--- Brief ---
Retype only what runs from the first line of the records to the line with "But de Ouassim - barca", inclusive, and no pictures.

--- Available data ---
>>

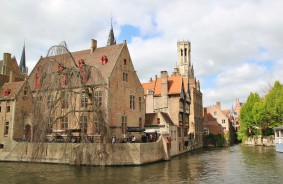 Dagtocht Chocolade en een rondvaart in Brugge Dagtocht Chocolade en een rondvaart in Brugge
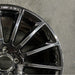 20" MERCEDES G-CLASS 21-24 463 Type G550 20x8.5 14 spoke black Original OEM - Close-Up Detail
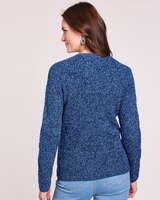 Wavy Cable Sweater thumbnail number 3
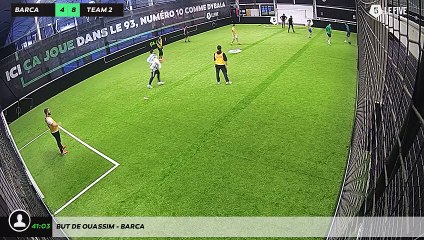 But de Ouassim - barca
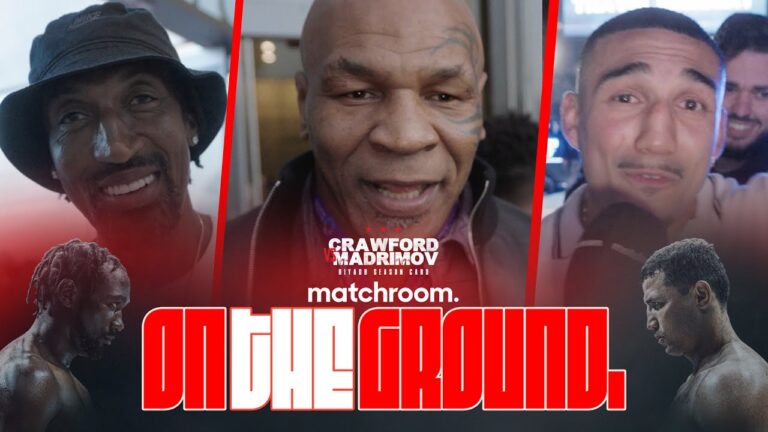 On The Ground Ep5, Fight Night: Terence Crawford Vs Israil Madrimov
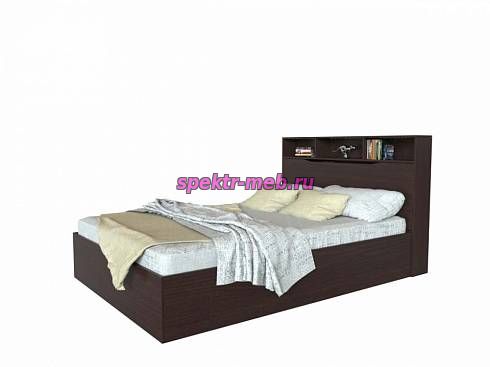 Кровать с полками Лия 2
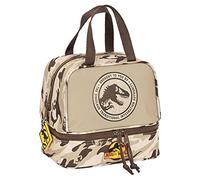 SAFTA- Portamerienda Jurassic World Dominion 20 x 20 x 15 cm, Multicolore, 812263040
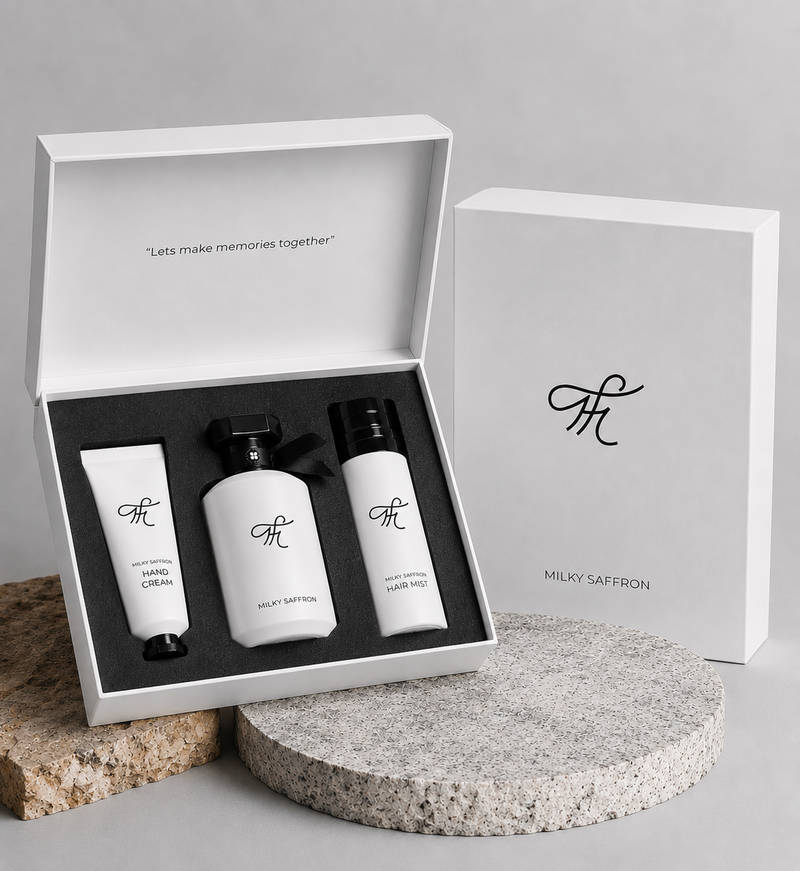 Milky Saffron Gift Set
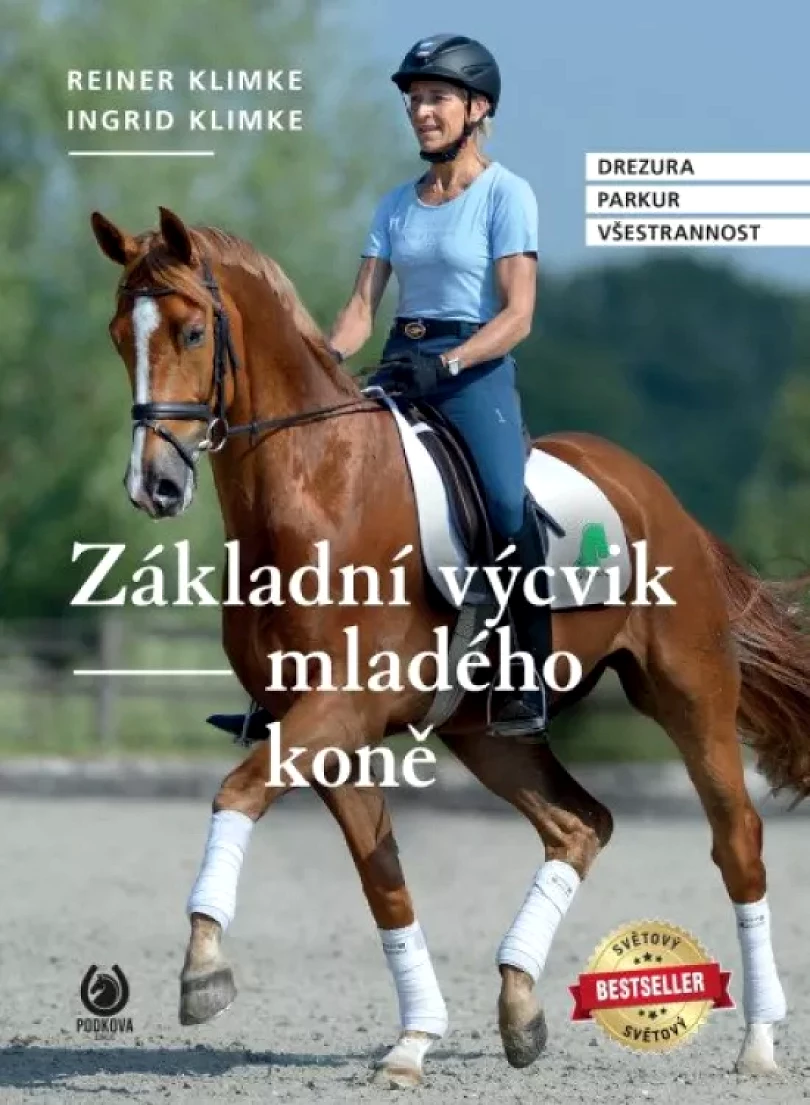 Levně Základní výcvik mladého koně (Ingrid Klimke, 2022)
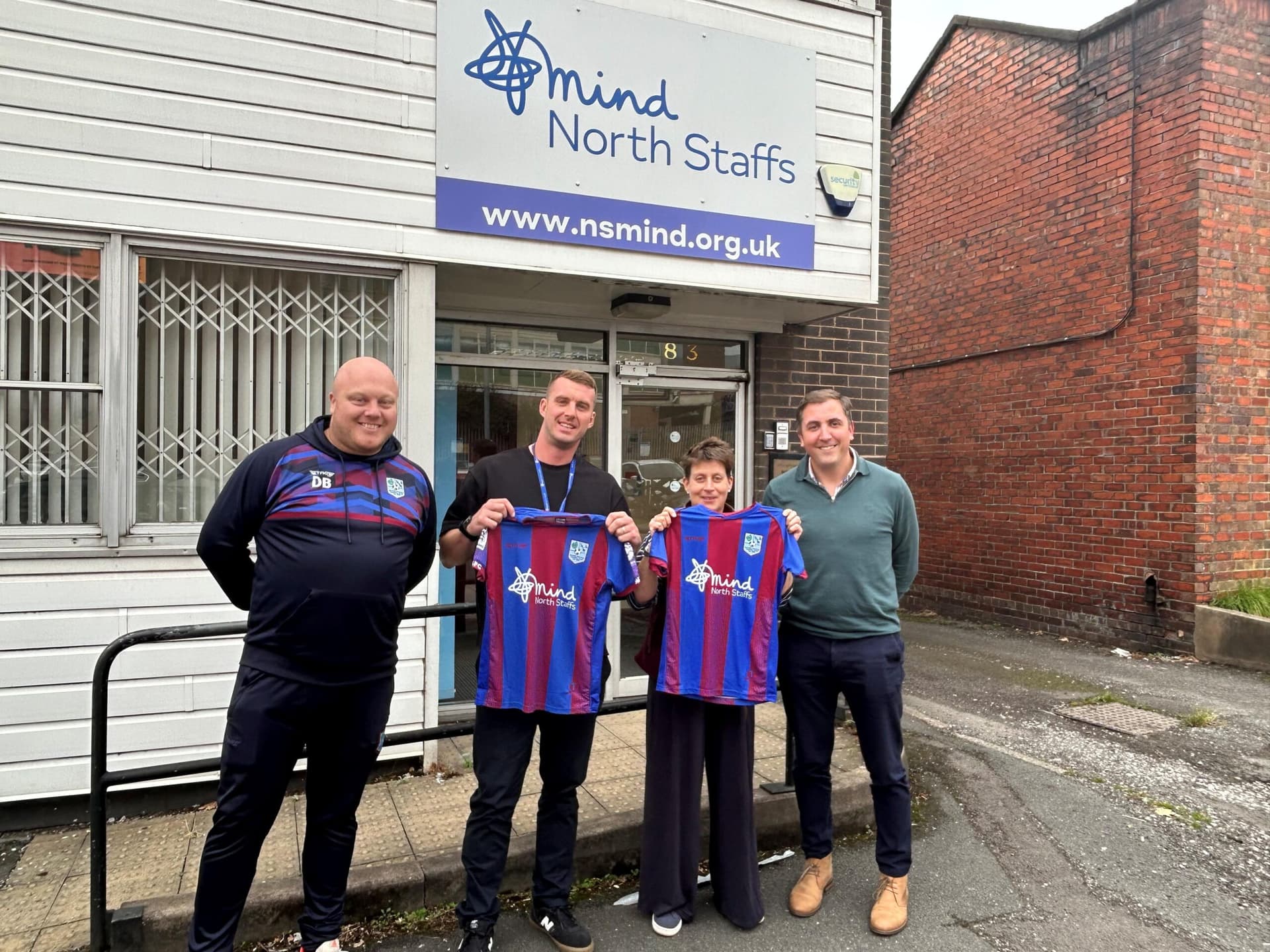 EHA x NS Mind Proud To Sponsor Local Football Team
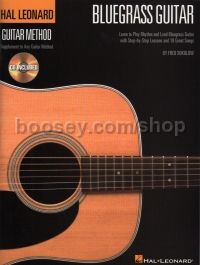 Hal Leonard Guitar Method Bluegrass Guitar (+ CD)
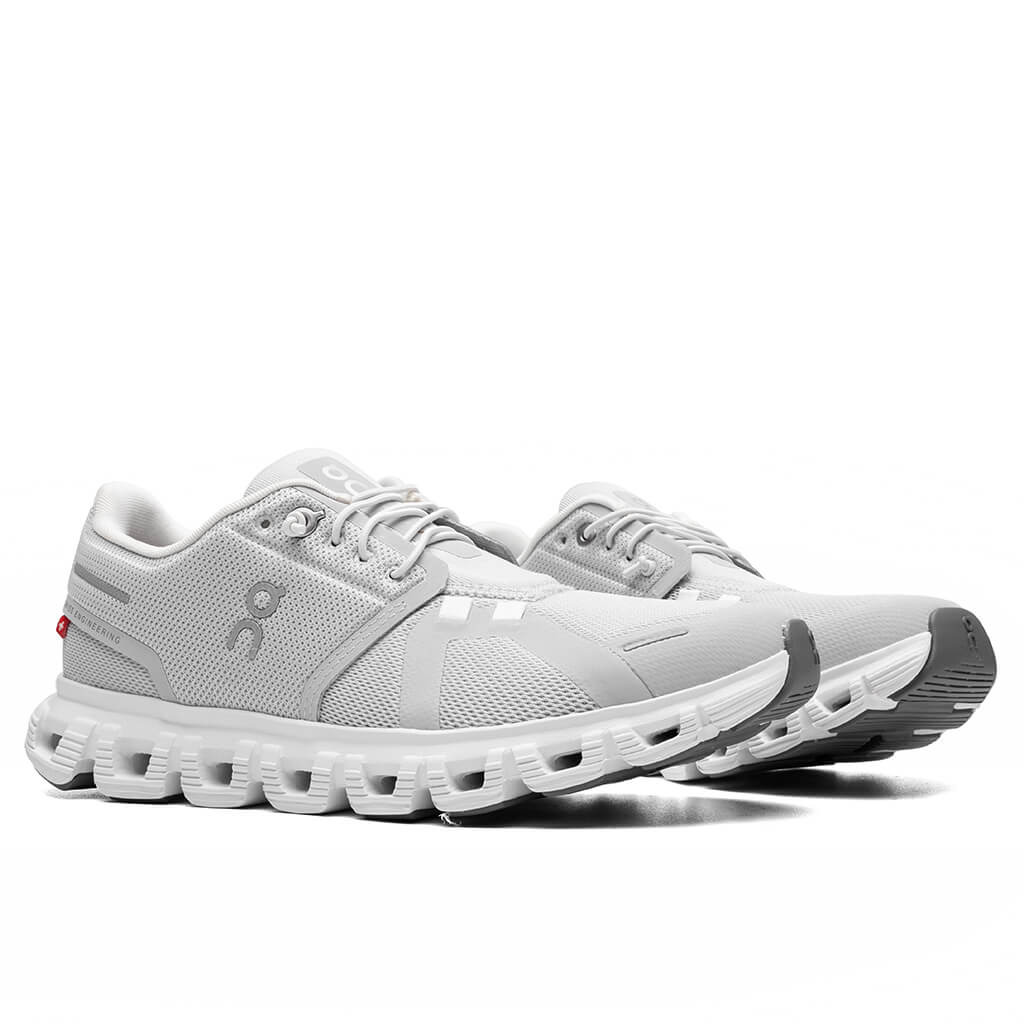 WOMEN'S CLOUD 6 - GLACIER/WHITE - 2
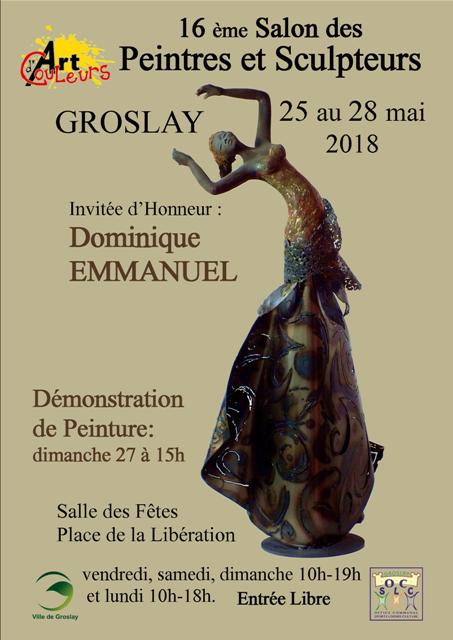 16ème Salon des Peintres et Sculpteurs de Groslay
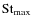 $\ensuremath{{\rm St}}\xspace_{\rm max}$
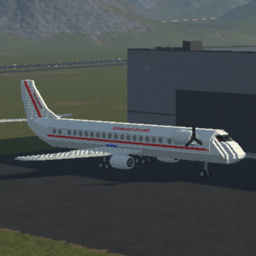 Softbody AIR LINER Boeing 757 Testbed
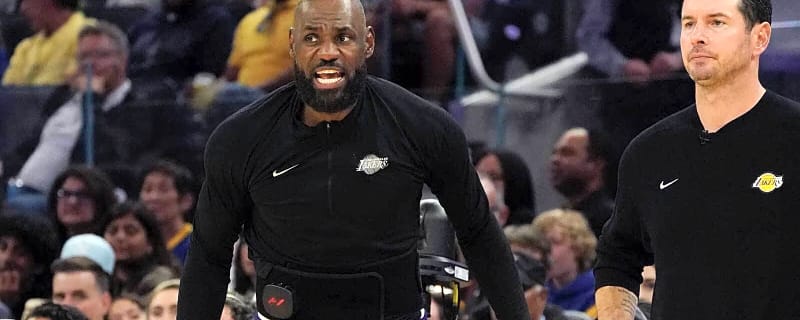 LeBron James jokes Lakers are in ‘deep s**t’ after JJ Redick’s ‘loser’ quip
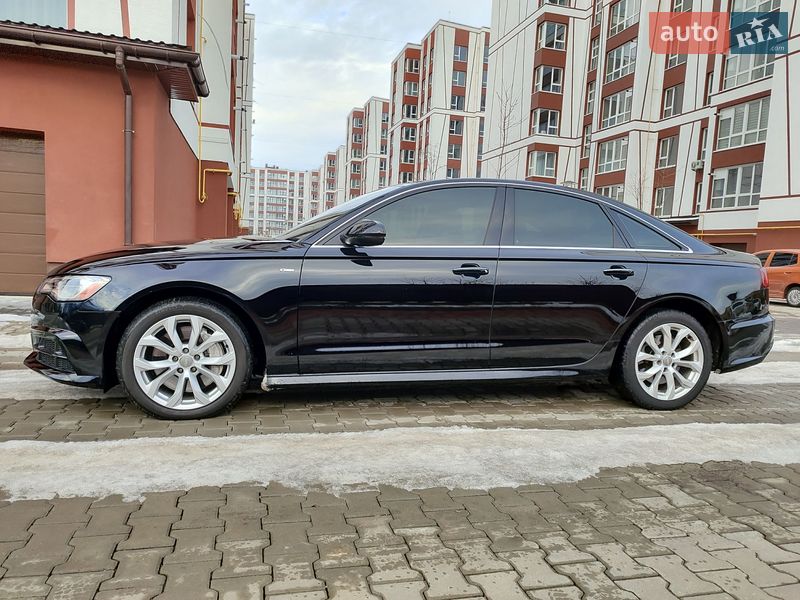 Седан Audi A6 2017 в Ивано-Франковске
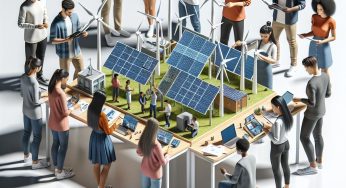 High School Students Lead Charge for Renewable Energy Investments at Nueva School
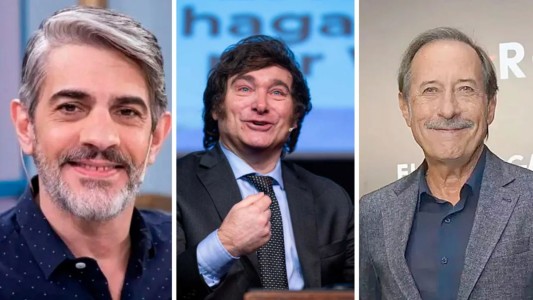 Pablo Echarri, "espantado" y "angustiado" por el gobierno de Milei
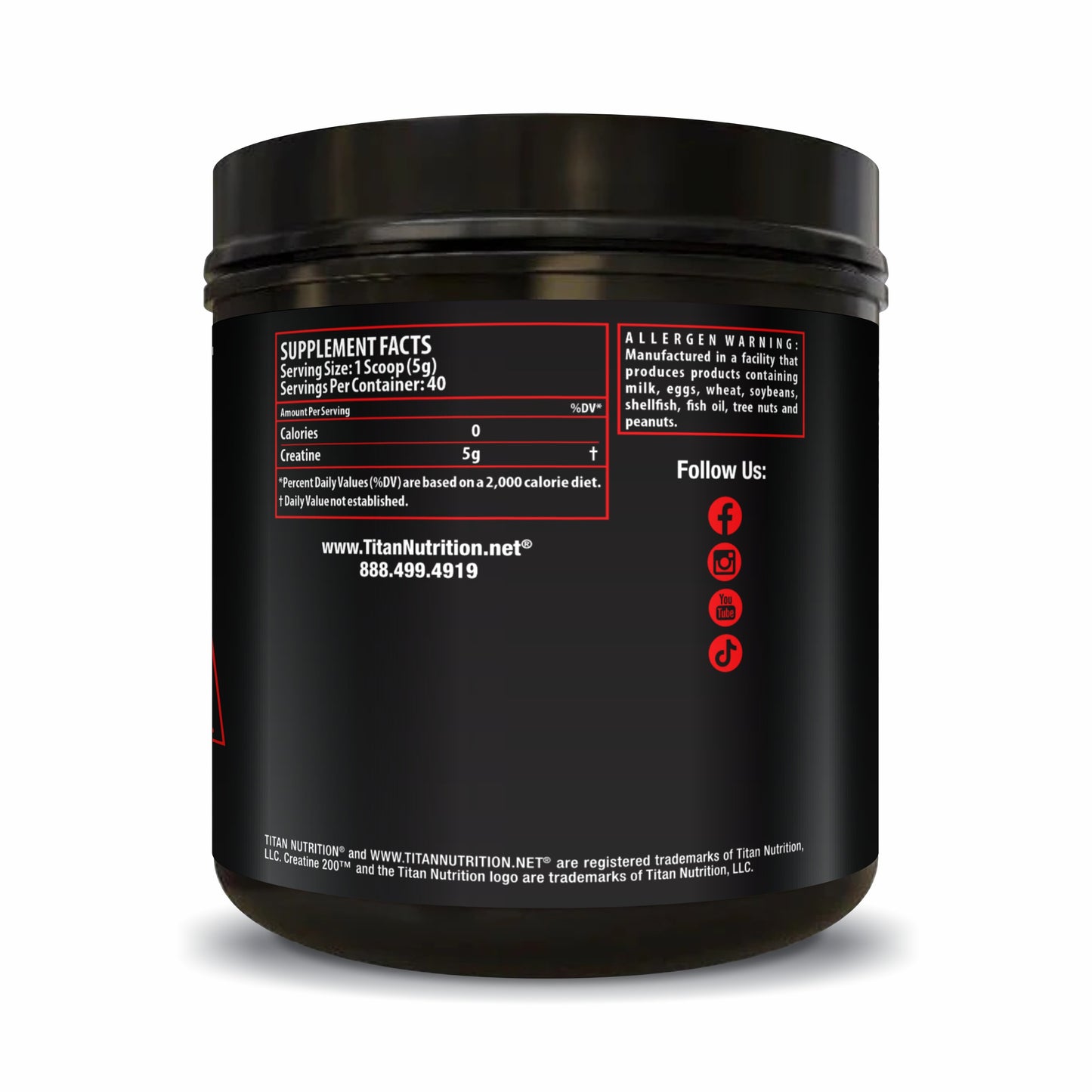 Titan® Micronized Creatine™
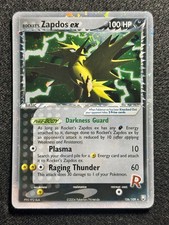 Rocket's Zapdos ex 106/109 Pokemon TCG EX Team Rocket Returns 2004 Holo NM/LP on eBay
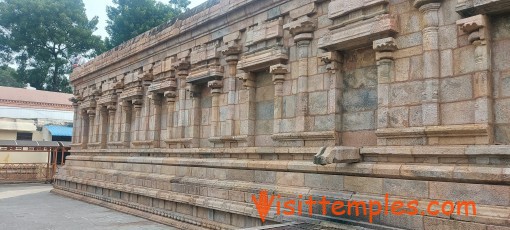 Arulmigu Naganathaswamy Temple  or Rahu Temple, Thirunageswaram, Tamil Nadu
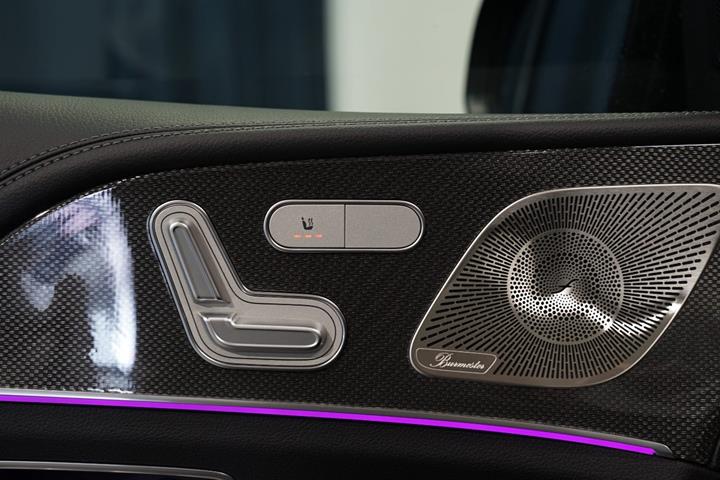 Sort Mercedes GLE350 de fra 2022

<<

--- Answer to this exercise ---
 Dagtocht Chocolade en een rondvaart in Brugge Dagtocht Chocolade en een rondvaart in Brugge
 20" MERCEDES G-CLASS 21-24 463 Type G550 20x8.5 14 spoke black Original OEM - Close-Up Detail
 Wavy Cable Sweater thumbnail number 3
 But de Ouassim - barca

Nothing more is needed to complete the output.